Activity
Pictures are to be left out, and only the lines below starting at the one with "Doğum günü boyama" and ending at the one with "Yellow Pure Upada" are to be reproduced, each exactly, both ends included.

Short web captions:
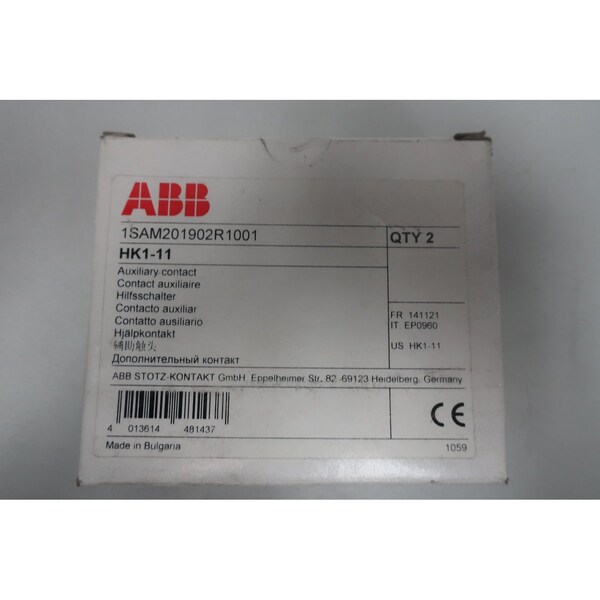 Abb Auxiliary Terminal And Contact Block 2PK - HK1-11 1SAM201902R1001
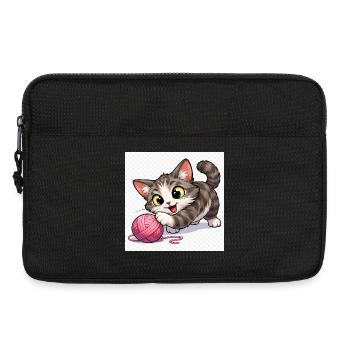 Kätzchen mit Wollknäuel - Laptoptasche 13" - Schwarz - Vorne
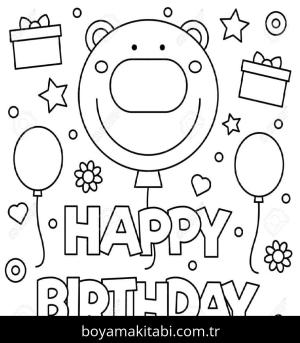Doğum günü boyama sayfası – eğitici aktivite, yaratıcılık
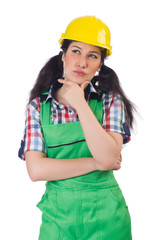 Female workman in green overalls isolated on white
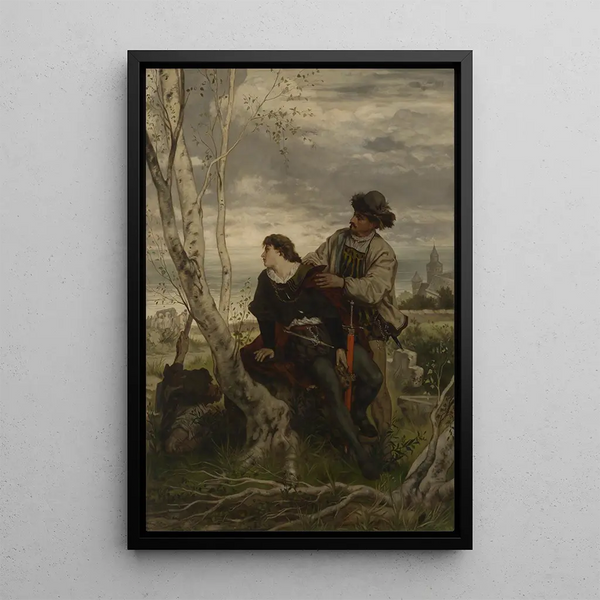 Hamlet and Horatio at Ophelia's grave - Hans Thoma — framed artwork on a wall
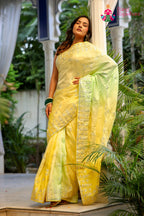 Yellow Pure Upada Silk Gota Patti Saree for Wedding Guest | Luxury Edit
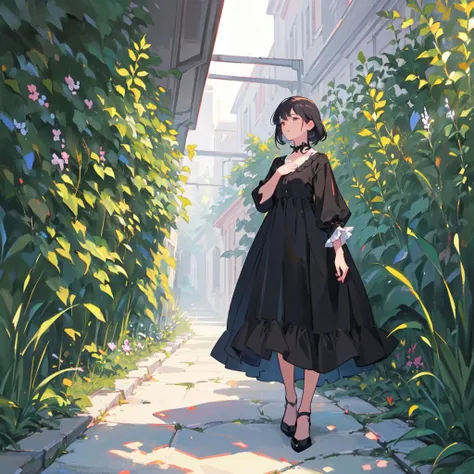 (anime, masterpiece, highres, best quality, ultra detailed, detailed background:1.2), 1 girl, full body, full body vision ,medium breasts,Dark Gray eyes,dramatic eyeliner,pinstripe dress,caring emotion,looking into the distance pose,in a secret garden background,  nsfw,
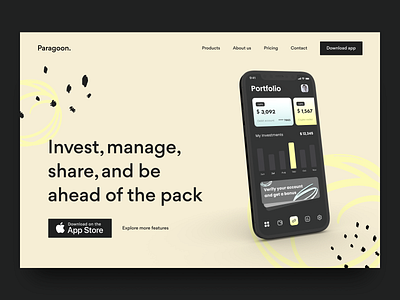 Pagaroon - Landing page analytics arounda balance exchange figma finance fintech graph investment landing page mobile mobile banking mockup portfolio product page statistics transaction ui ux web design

Output for this exercise
Doğum günü boyama sayfası – eğitici aktivite, yaratıcılık
 Female workman in green overalls isolated on white
 Hamlet and Horatio at Ophelia's grave - Hans Thoma — framed artwork on a wall
 Yellow Pure Upada Silk Gota Patti Saree for Wedding Guest | Luxury Edit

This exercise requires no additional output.